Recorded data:
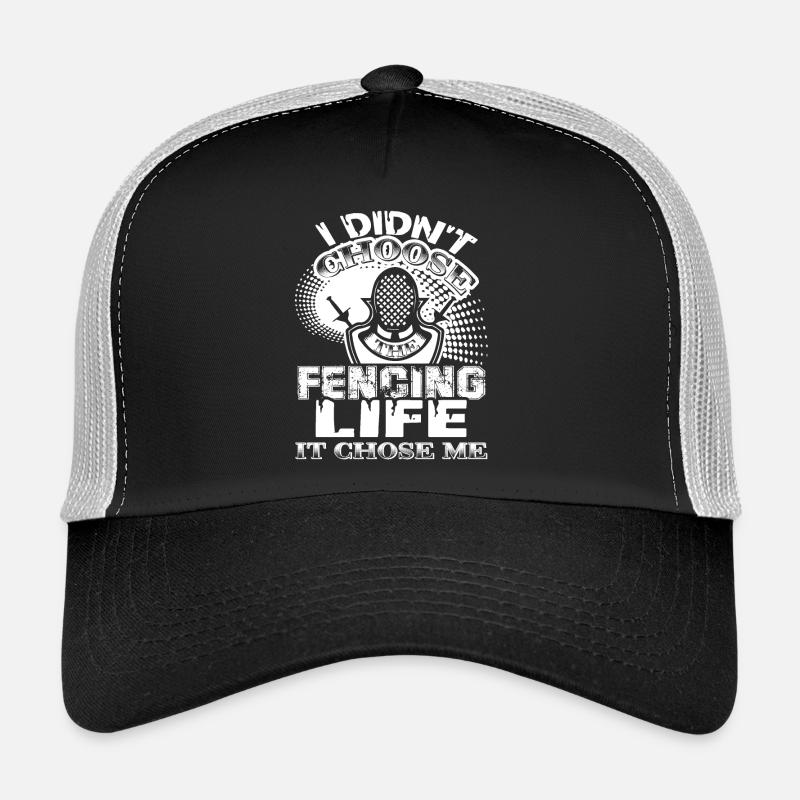 Fencing Life Chose Me Trucker Cap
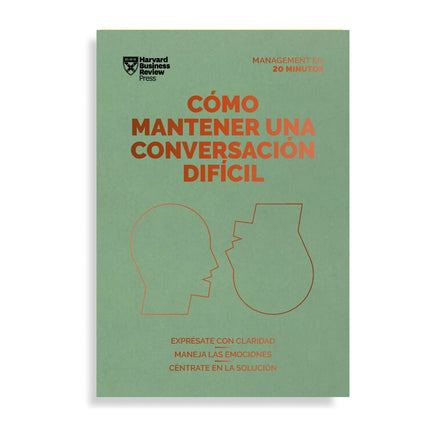 HBR-MNGMT 20MIN. COMO MANTENER UNA CONVERSACI ON DIFICIL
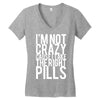 i'm not crazy cause i take the right pills Women's V-Neck T-Shirt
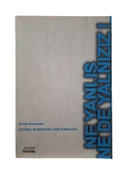 NE YANLIŞ NE DE YALNIZIZ BİR ALAN ARAŞTIRMASI: EŞCİNSEL VE BİSEKSÜELLERİN SORUNLARI (İKİNCİ EL KİTAP) - 1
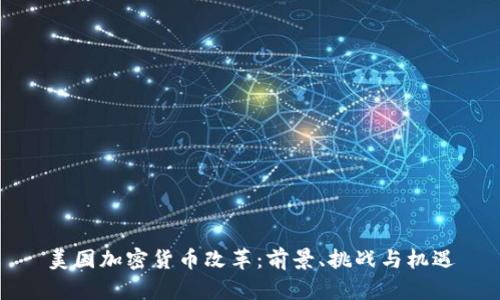 美国加密货币改革：前景、挑战与机遇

• Activity:
The entries above are to be retyped exactly, with each picture left out.

• Written answer:
 Fencing Life Chose Me Trucker Cap
 HBR-MNGMT 20MIN. COMO MANTENER UNA CONVERSACI ON DIFICIL
 i'm not crazy cause i take the right pills Women's V-Neck T-Shirt
 NE YANLIŞ NE DE YALNIZIZ BİR ALAN ARAŞTIRMASI: EŞCİNSEL VE BİSEKSÜELLERİN SORUNLARI (İKİNCİ EL KİTAP) - 1
 美国加密货币改革：前景、挑战与机遇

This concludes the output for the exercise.